■ How to complete this task
Below are some records. Output the lines from the first one through the line that holds "Photo of property", exactly as written, with no pictures.

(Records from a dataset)
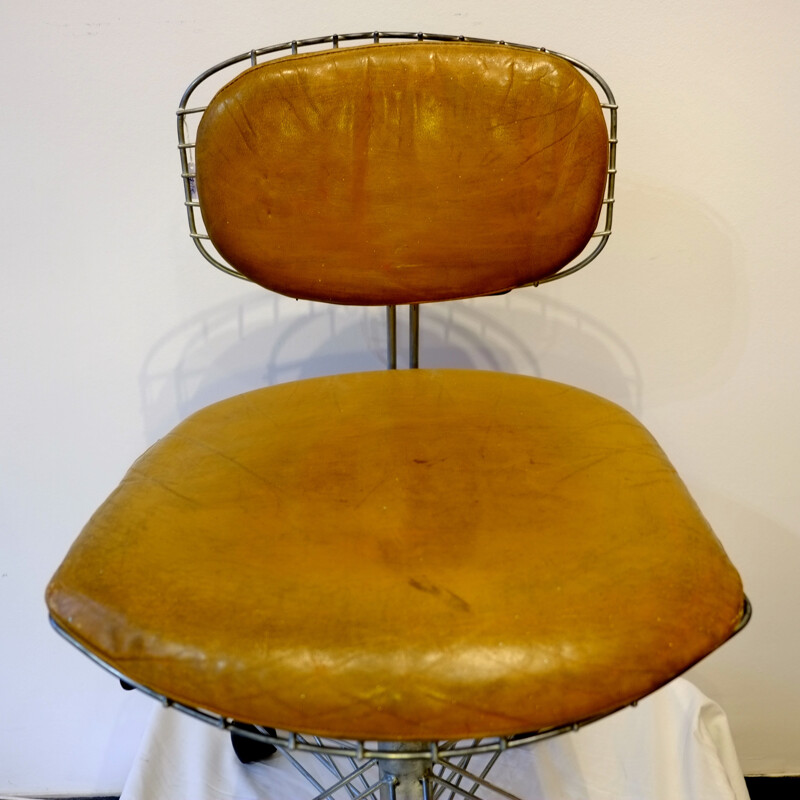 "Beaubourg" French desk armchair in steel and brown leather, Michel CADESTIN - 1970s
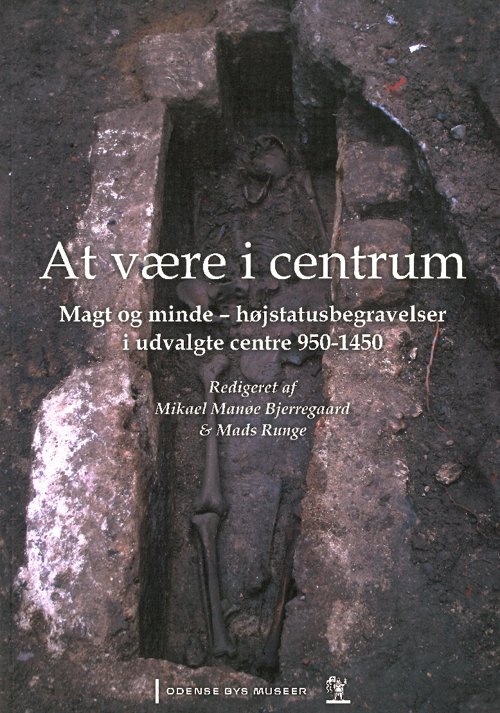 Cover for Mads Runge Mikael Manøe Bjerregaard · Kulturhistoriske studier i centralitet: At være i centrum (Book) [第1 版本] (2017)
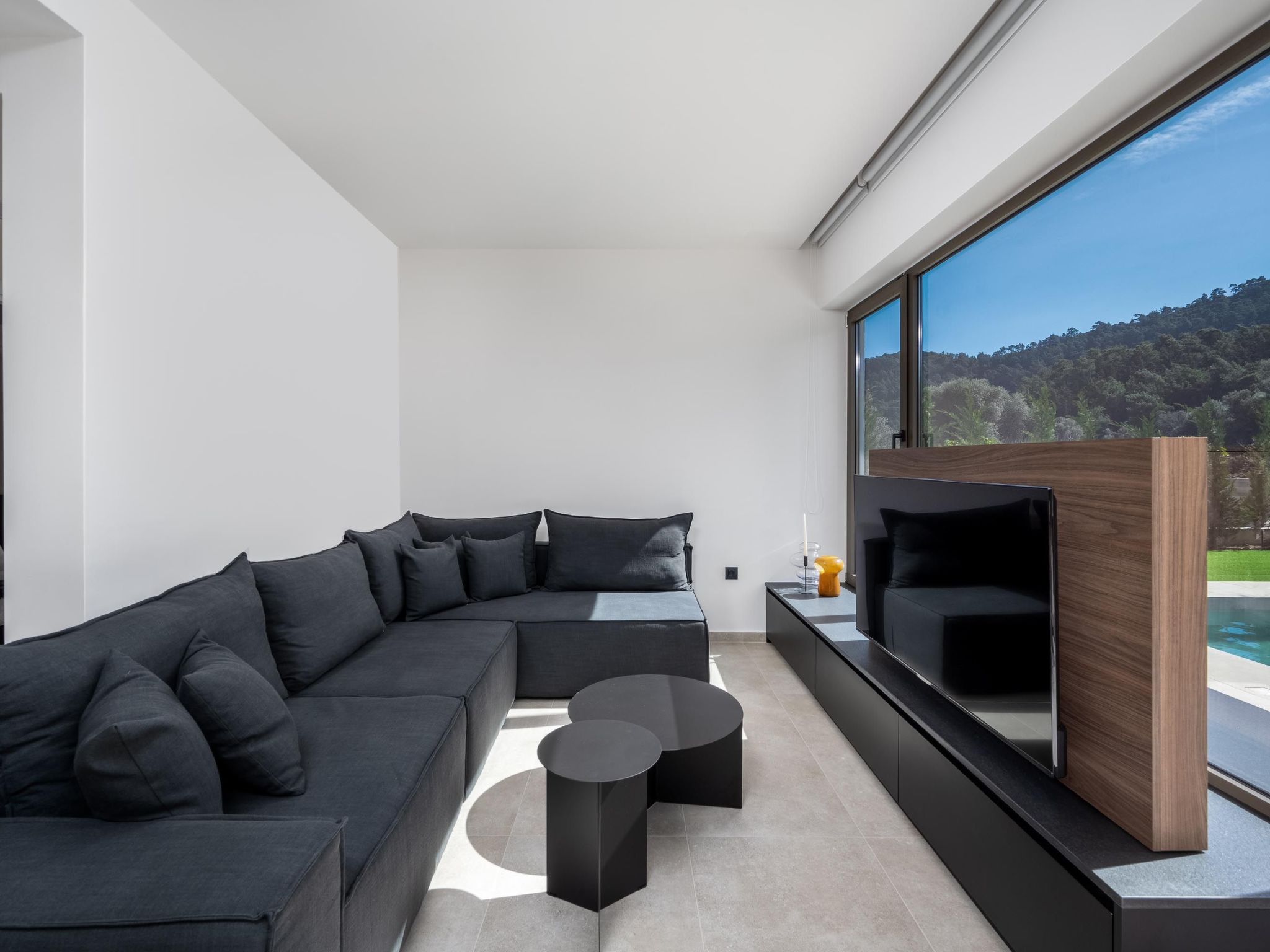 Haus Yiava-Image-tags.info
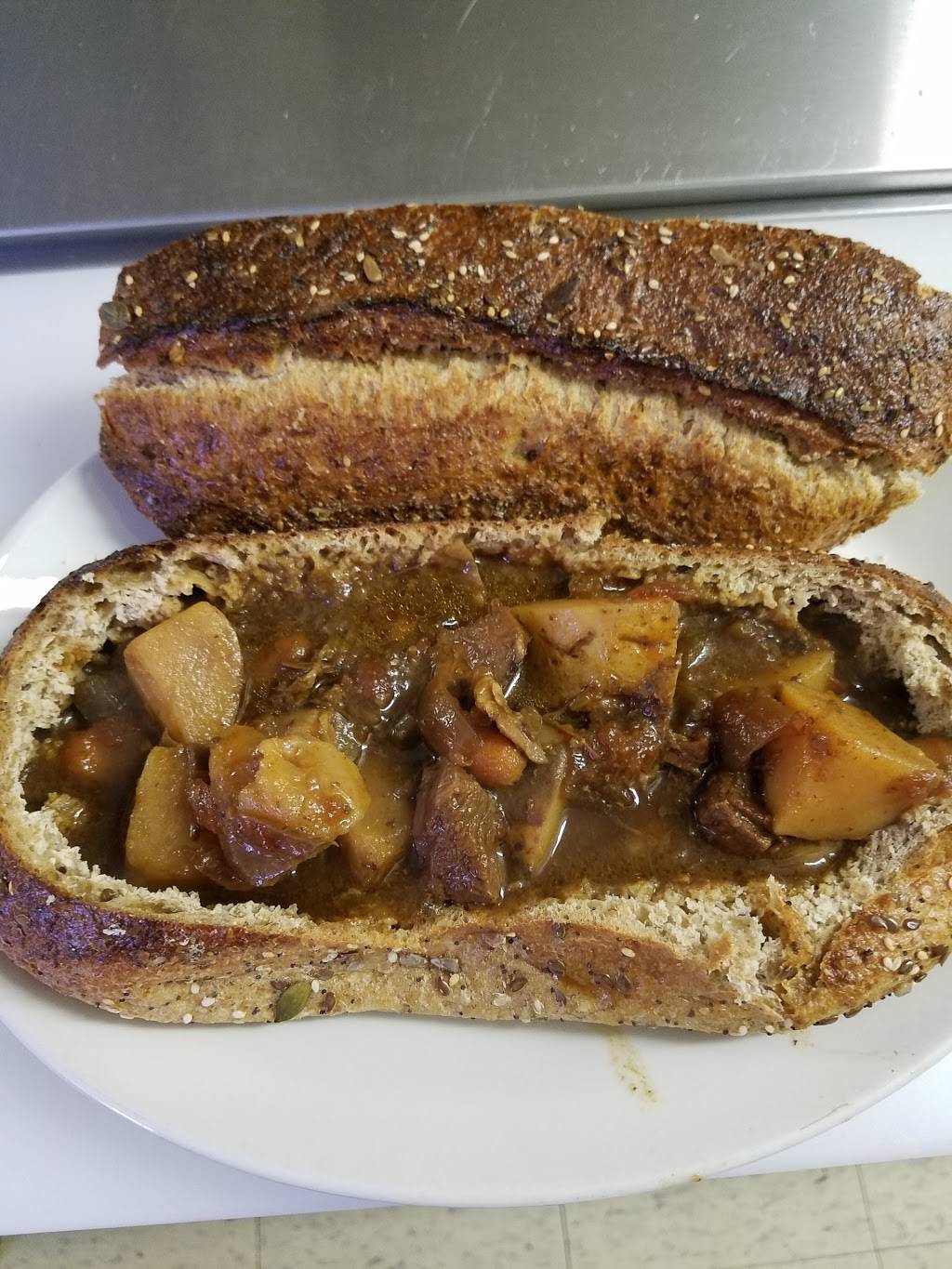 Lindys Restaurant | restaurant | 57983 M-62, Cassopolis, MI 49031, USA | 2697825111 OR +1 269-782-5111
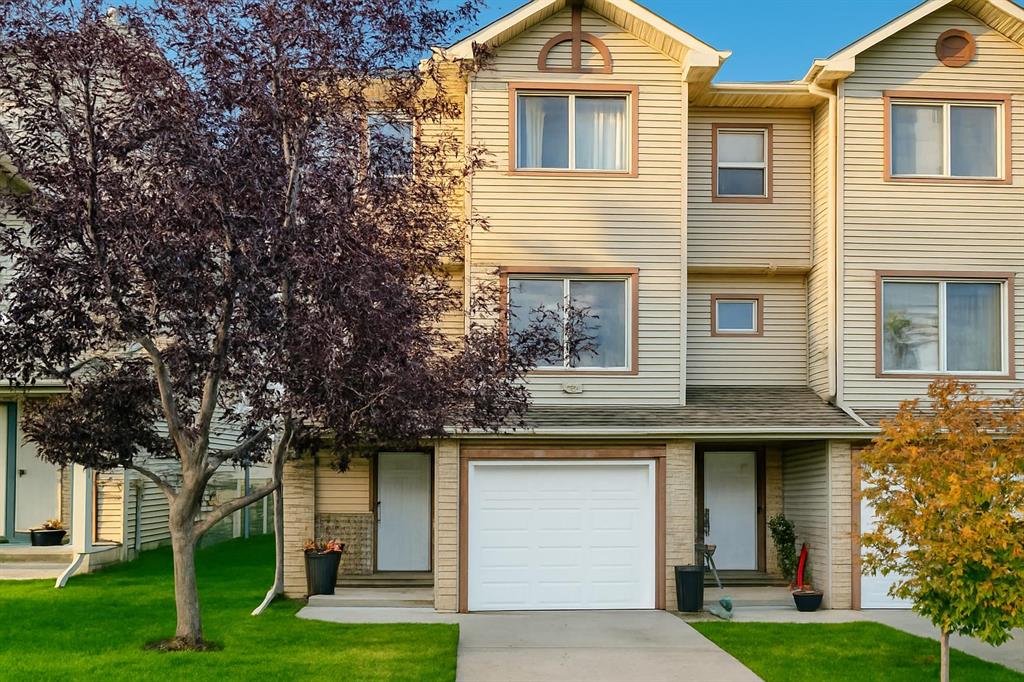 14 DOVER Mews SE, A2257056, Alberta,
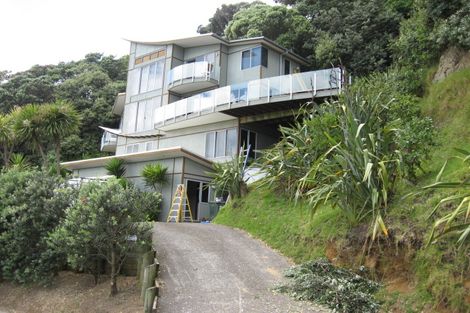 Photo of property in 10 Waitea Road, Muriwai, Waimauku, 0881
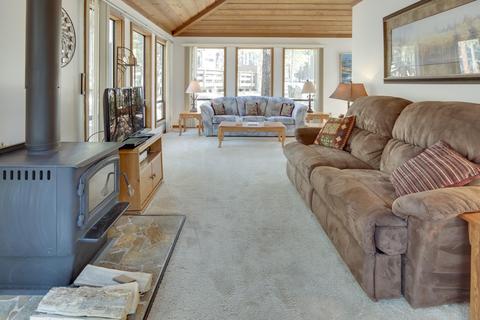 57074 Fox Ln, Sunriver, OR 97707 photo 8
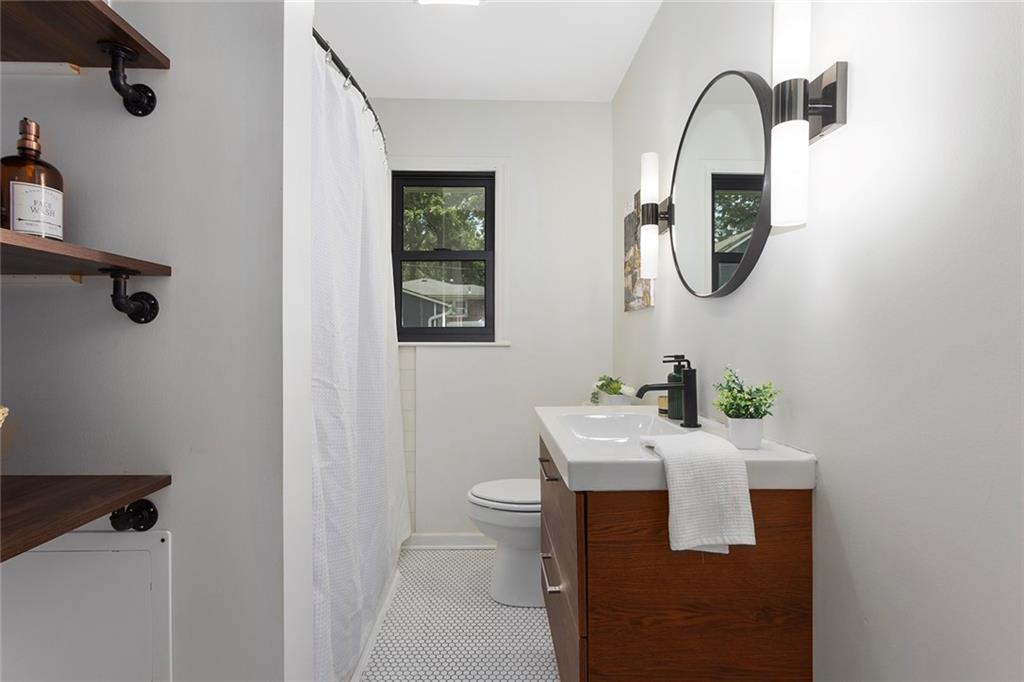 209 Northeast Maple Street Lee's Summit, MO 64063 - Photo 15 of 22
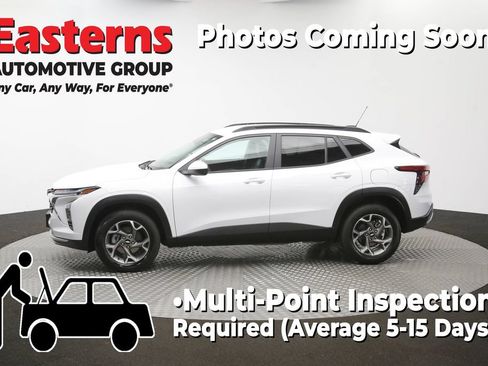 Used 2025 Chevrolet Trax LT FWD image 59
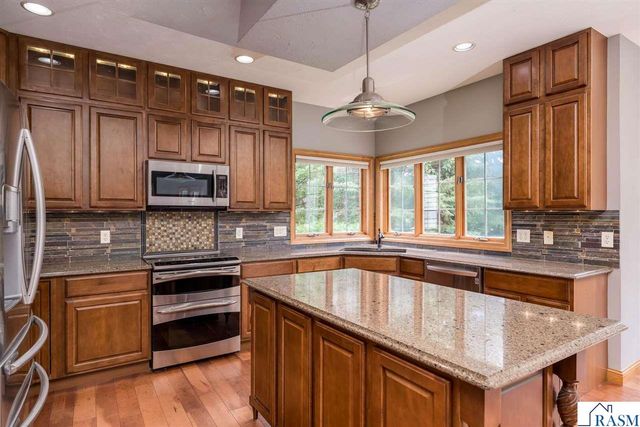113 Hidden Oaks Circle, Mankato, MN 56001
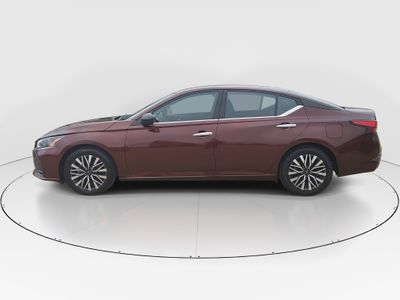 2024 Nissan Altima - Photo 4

■ Task result
 "Beaubourg" French desk armchair in steel and brown leather, Michel CADESTIN - 1970s
 Cover for Mads Runge Mikael Manøe Bjerregaard · Kulturhistoriske studier i centralitet: At være i centrum (Book) [第1 版本] (2017)
 Haus Yiava-Image-tags.info
 Lindys Restaurant | restaurant | 57983 M-62, Cassopolis, MI 49031, USA | 2697825111 OR +1 269-782-5111
 14 DOVER Mews SE, A2257056, Alberta,
 Photo of property in 10 Waitea Road, Muriwai, Waimauku, 0881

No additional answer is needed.